* [WHAT YOU ARE ASKED TO DO] Skip the pictures and write out, word for word, the lines below from the one with "A hand holds" through the one with "Car tire on a snow-covered winter road", inclusive.

* [AVAILABLE DATA]
################
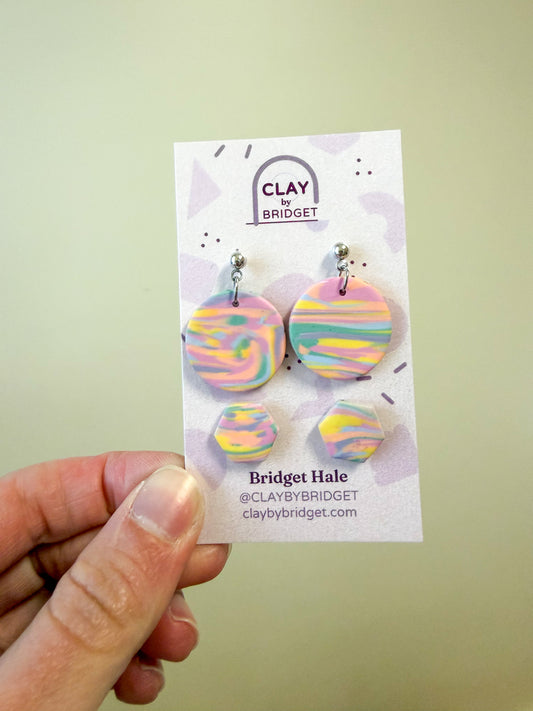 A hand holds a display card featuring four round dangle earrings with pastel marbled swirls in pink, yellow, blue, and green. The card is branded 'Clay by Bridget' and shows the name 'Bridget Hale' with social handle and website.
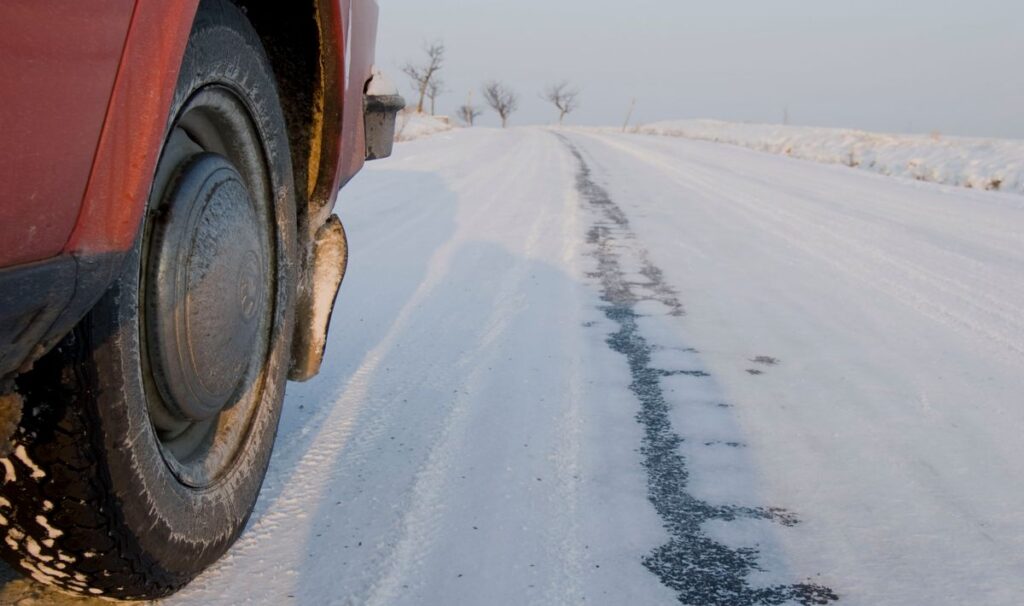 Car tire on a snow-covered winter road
################
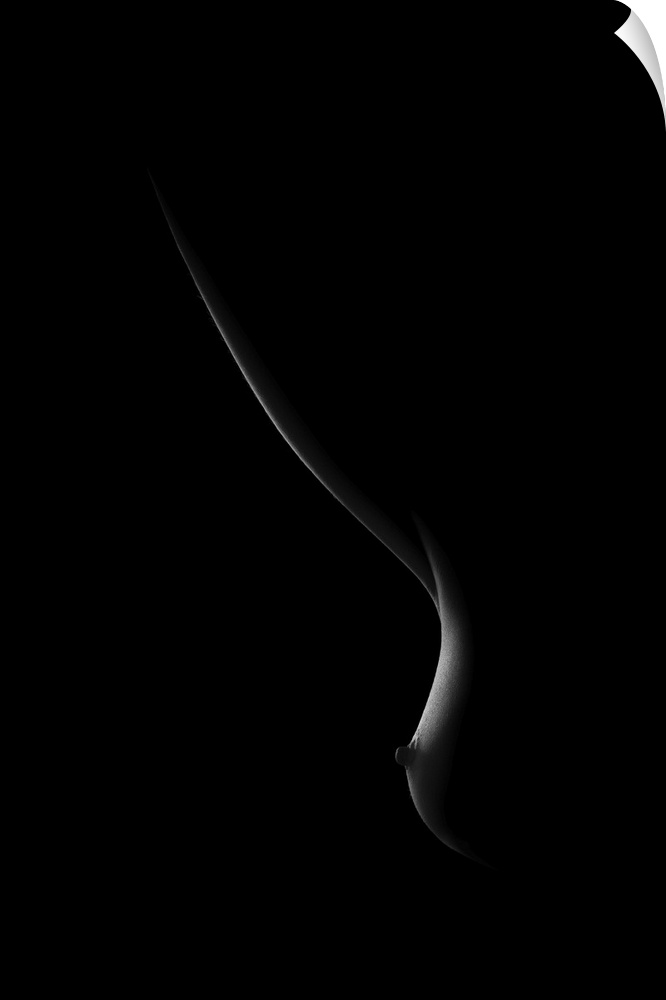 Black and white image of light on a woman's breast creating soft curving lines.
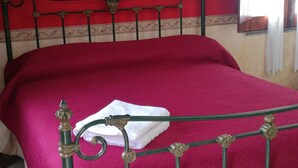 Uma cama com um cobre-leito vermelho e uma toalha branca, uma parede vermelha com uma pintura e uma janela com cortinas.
################
* [ANSWER TO THE EXERCISE]
 A hand holds a display card featuring four round dangle earrings with pastel marbled swirls in pink, yellow, blue, and green. The card is branded 'Clay by Bridget' and shows the name 'Bridget Hale' with social handle and website.
 Car tire on a snow-covered winter road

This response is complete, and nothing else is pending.